Viene da Torino questa storia di ordinaria amministrazione di una giustizia purtroppo con la g minuscola, riguarda un ragazzo di 23 anni, Nicolò Mirandola, attivista di un centro sociale accusato di aver partecipato a una manifestazione contro un convegno di Casa Pound a febbraio.

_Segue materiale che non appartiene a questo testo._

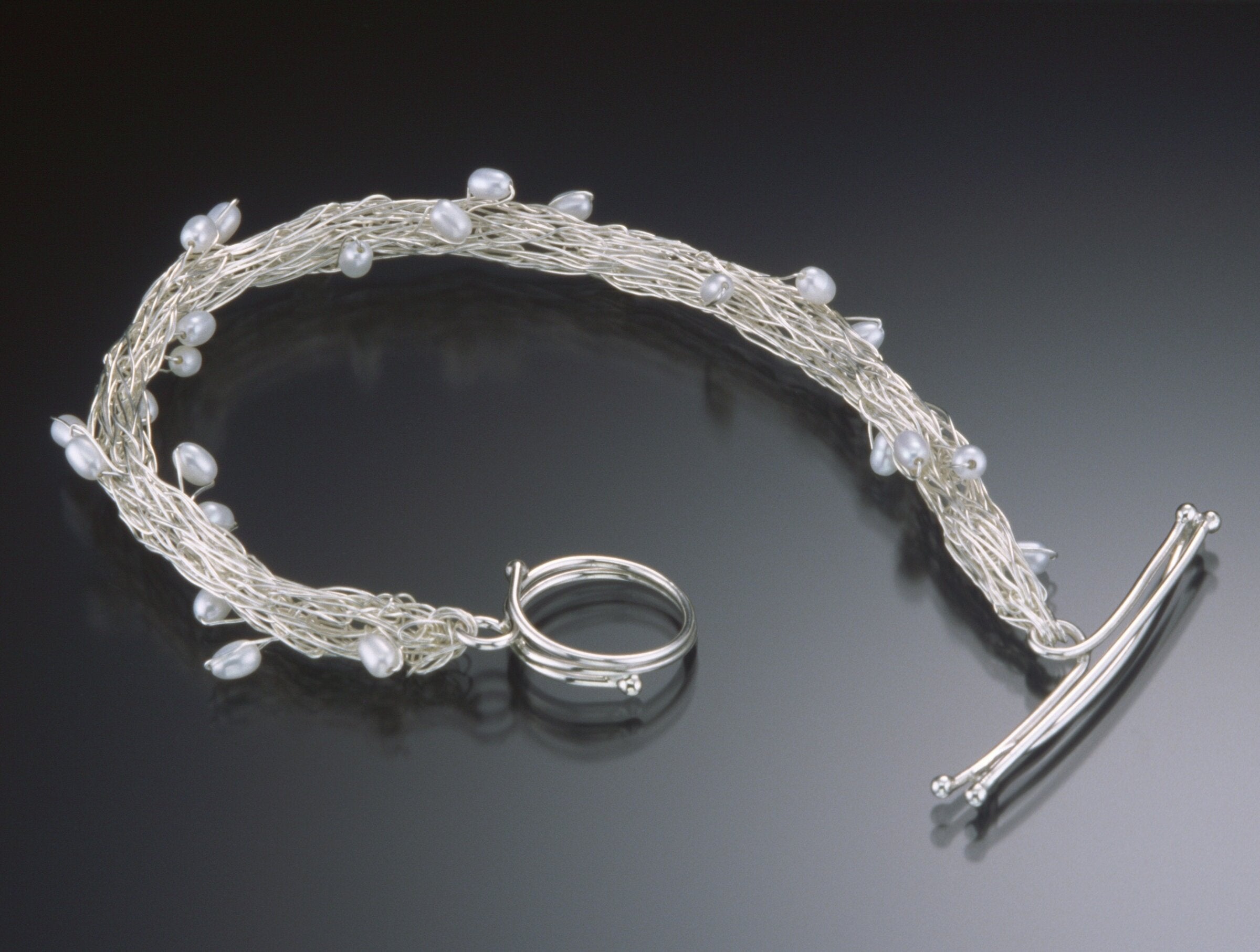 Ariadne Bracelet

“E’ inaccettabile la custodia in carcere di Nicolo’ Mirandola, detenuto da oltre cento giorni solo perché mancano i braccialetti elettronici e non viene mandato ai domiciliari come deciso dal gip lo scorso 11 giugno”, sottolinea in una nota l’Associazione Nazionale Giuristi Democratici: “Nel caso in questione, Mirandola, oltre a essere l’unico detenuto per quell’episodio, non ha alcuna contestazione di fatti specifici. In secondo luogo, è inaccettabile che l’ordinanza del Giudice che 22 giorni fa ha finalmente concesso gli arresti domiciliari, pur subordinandoli all’apposizione del braccialetto elettronico, non possa essere eseguita per la mancata disponibilità dello strumento, e ciò senza alcuna indicazione temporale dei tempi di reperimento del braccialetto. Dunque, la concessione degli arresti domiciliari è impedita di fatto dalla mancanza di uno strumento di controllo: come dire che è Telecom, cui è affidata l’applicazione del braccialetto, e non il Giudice, a decidere sullo stato di detenzione di Mirandola”. Nei giorni scorsi anche l’artista Zerocalcare aveva dedicato un fumetto a quanto sta accadendo a Mirandola, la cui madre da due giorni ha iniziato lo sciopero della fame.